PROBLEM REQUIREMENTS:
A letter-for-letter copy of the listing is required, with no pictures in it.

RECORDED DATA:

********************

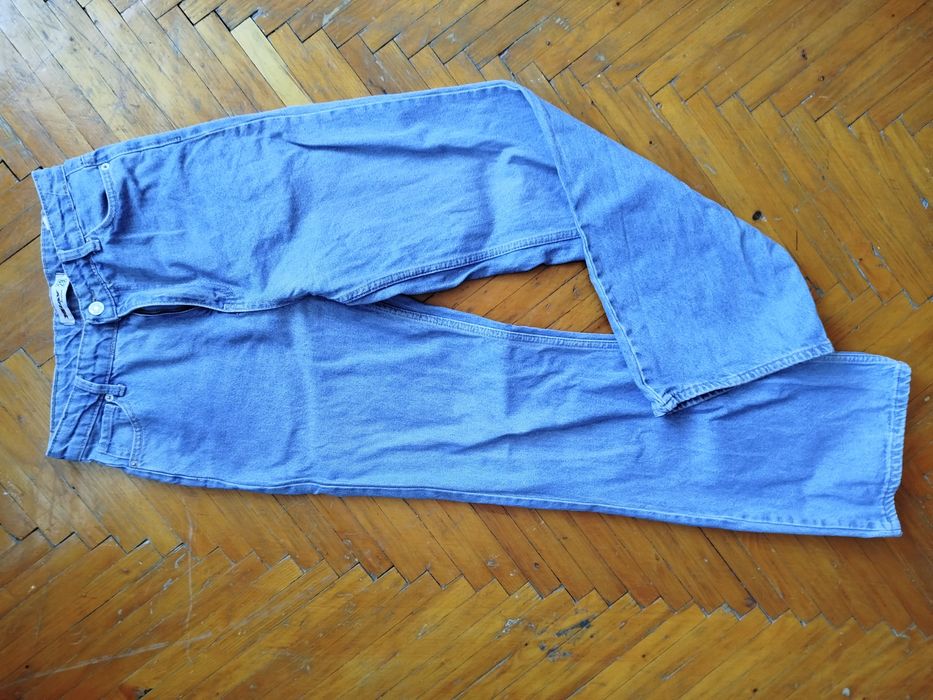 Жіночі світлі джинси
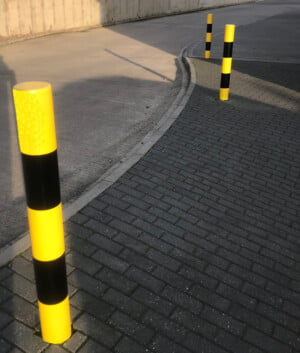 1770 Protection bollard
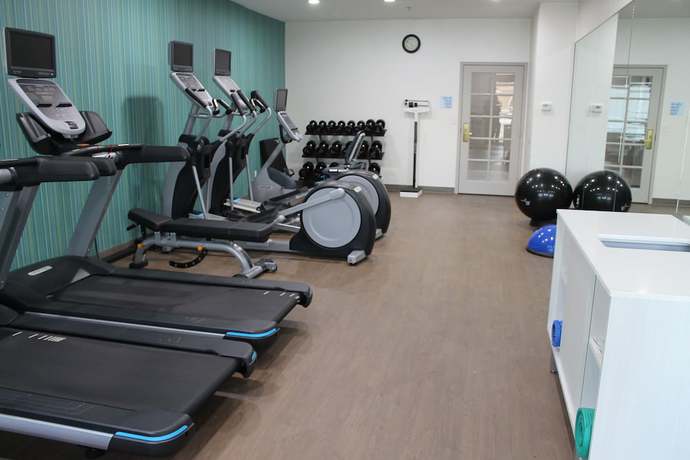Imagen de los interiores del Hotel Holiday Inn Express And Suites Tulare, An Ihg. Foto 16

********************

WRITTEN SOLUTION:
 Жіночі світлі джинси
 1770 Protection bollard
Imagen de los interiores del Hotel Holiday Inn Express And Suites Tulare, An Ihg. Foto 16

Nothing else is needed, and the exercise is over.